Érase un buitre que me picoteaba los pies. Ya había desgarrado los
zapatos y las medias y ahora me picoteaba los pies. Siempre tiraba un
picotazo, volaba en círculos inquietos alrededor y luego proseguía la
obra.
Pasó un señor, nos miró un rato y me preguntó por qué toleraba yo al buitre.
—Estoy indefenso — le dije — vino y empezó a picotearme, yo lo quise
espantar y hasta pensé torcerle el pescuezo, pero estos animales son muy
fuertes y quería saltarme a la cara. Preferí sacrificar los pies: ahora
están casi hechos pedazos.
—No se deje atormentar — dijo el señor —, un tiro y el buitre se acabó.
—¿Le parece? — pregunté— ¿quiere encargarse del asunto?
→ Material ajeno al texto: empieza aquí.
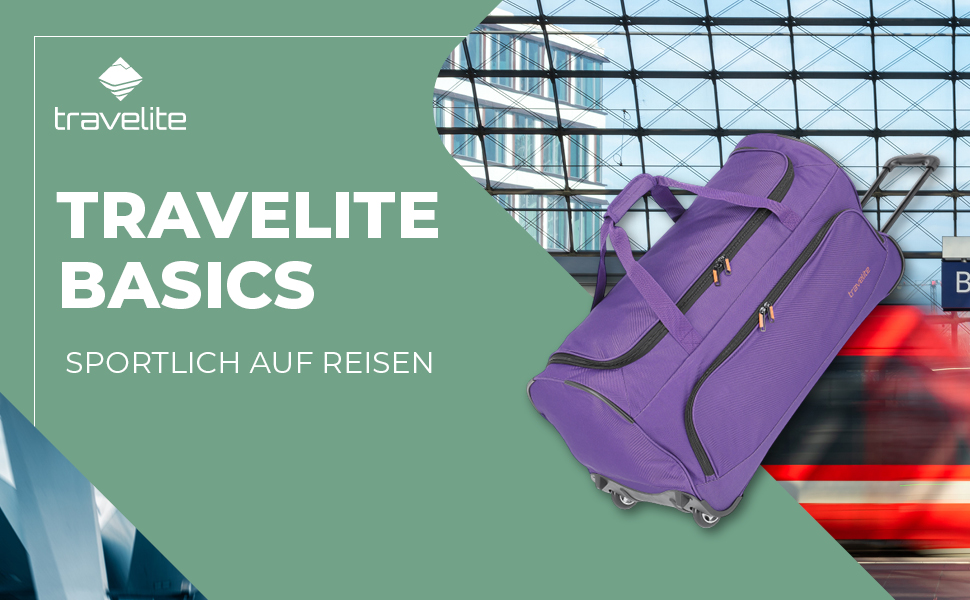 Дорожня сумка на колесах Travelite Basics Fresh L, 89 л, лілова, 71 см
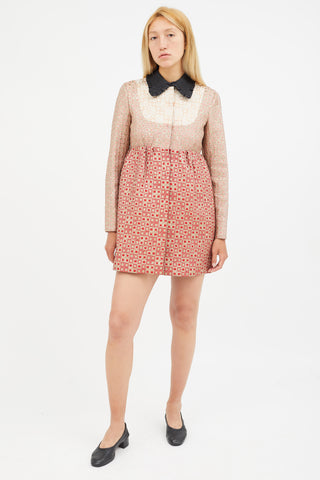 Miu Miu Red & Multicolour Metallic Brocade Jacket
—Encantado — dijo el señor— ; no tengo más que ir a casa a buscar el fusil, ¿Puede usted esperar media hora más?
—No sé — le respondí, y por un instante me quedé rígido de dolor; después añadí —: por favor, pruebe de todos modos.
—Bueno — dijo el señor — , voy a apurarme.
El buitre había escuchado tranquilamente nuestro diálogo y había
dejado errar la mirada entre el señor y yo. Ahora vi que había
comprendido todo: voló un poco, retrocedió para lograr el ímpetu
necesario y como un atleta que arroja la jabalina encajó el pico en mi
boca, profundamente. Al caer de espaldas sentí como una liberación; que
en mi sangre, que colmaba todas las profundidades y que inundaba todas
las riberas, el buitre irreparablemente se ahogaba.